Star Catcher Sets 1.1-kW Power Beaming Record

Star Catcher Industries has set a new record for beaming power at a distance. Its Star Catcher Network technology beamed 1.1 kW of power at NASA’s Kennedy Space Center in Florida using off-the-shelf solar panel components.

In 1941, science fiction author Isaac Asimov introduced the public to the concept of beamed solar power from space, decades before it became a serious engineering proposal by Peter Glaser in 1968.

The concept was very simple. Instead of using up land on Earth to collect sunlight that won’t be equally available in all parts of the world, would be drastically diminished by the atmosphere and weather, and not available at all at night, why not go for an alternative? That is, put solar collectors in an orbit in space where sunlight is always on tap unimpeded and a collector can be of any size desired. Just collect the energy, convert it to microwaves, and beam it back to power-starved Earth.

Interest in the concept has waxed and waned over the decades, however, recently there have been serious efforts to find a practical application for beamed power. The giant collector stations of Asimov’s imagination are still, at the very least, decades away, but engineers are looking to beam power on a smaller scale, not to Earth, but from one spacecraft to another.

Star Catcher’s power grid in space will beam concentrated solar energy directly to client satellites’ existing solar panels, no retrofit required

Star Catcher

This would help to overcome a limitation of current satellite design, which is that the electricity supplied to them by solar panels is a bit limited. That means that any attempt to generate more power requires adding much larger arrays with a corresponding increase in size, mass, and launch costs.

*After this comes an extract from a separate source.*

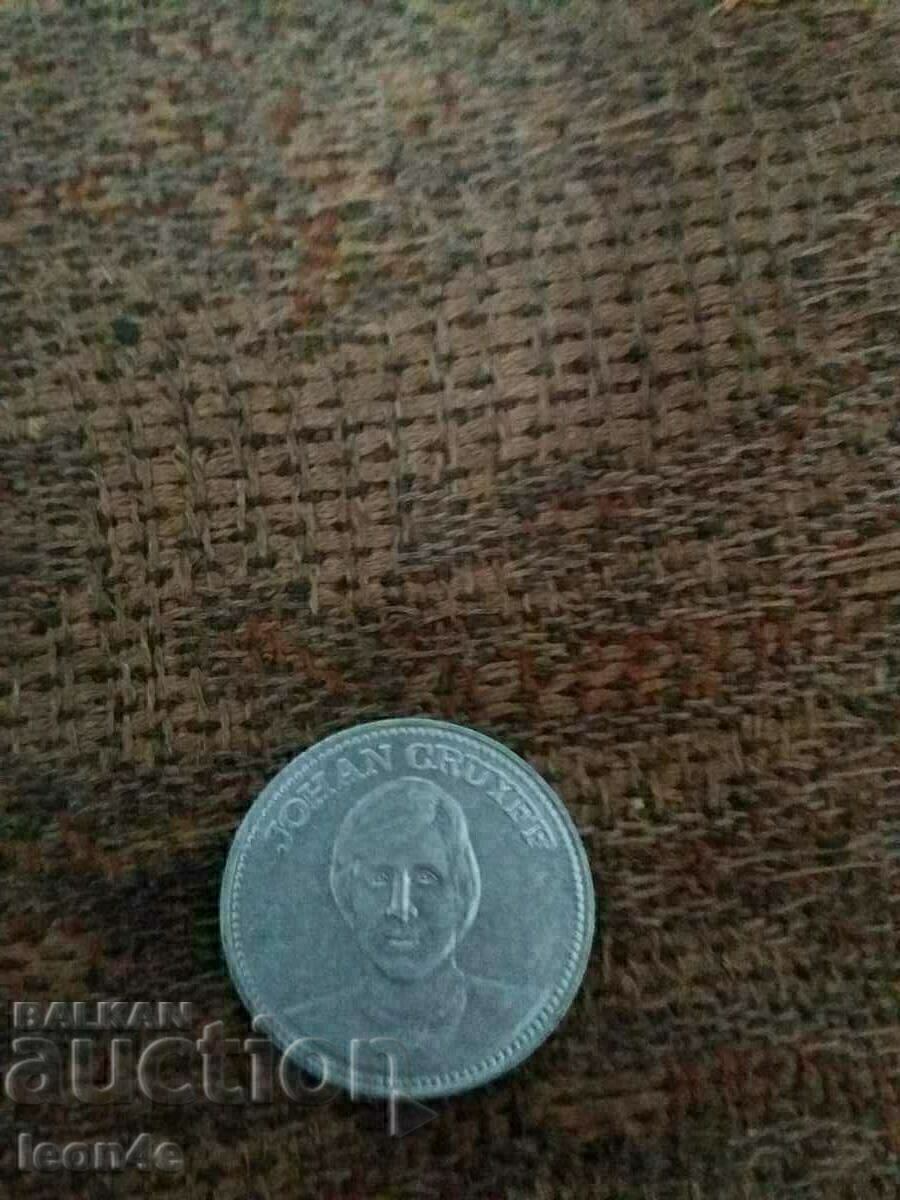 Jeton Shell Cruyff cu preț 3.50 BGN | € 1.79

What Star Catcher is working on is similar to DARPA, which holds the previous beaming record of 800 W set in June 2025. Instead of generating microwaves, a grid of solar panels power an optical multi-spectrum laser that can be aimed at a client satellite. These carefully controlled wavelengths are optimized to best suit the target solar panels.

Put simply, this would be like holding a huge magnifying glass on the target spacecraft, greatly increasing the efficiency of the panels without having to enlarge or even modify them. According to the company, the increase in power generation would be between two and 10 times using off-the-shelf panel components.

The latest test used a variety of solar panel designs and was a run-up to a planned orbital demonstration in 2026.

“Our existing Power Purchase Agreements confirm that the market understands both the value and scalability of our technology to revolutionize power delivery beyond Earth,” said Andrew Rush, CEO and Co-Founder of Star Catcher. “These real-world results offer definitive proof of the soundness and maturity of our approach to building a resilient orbital power grid.”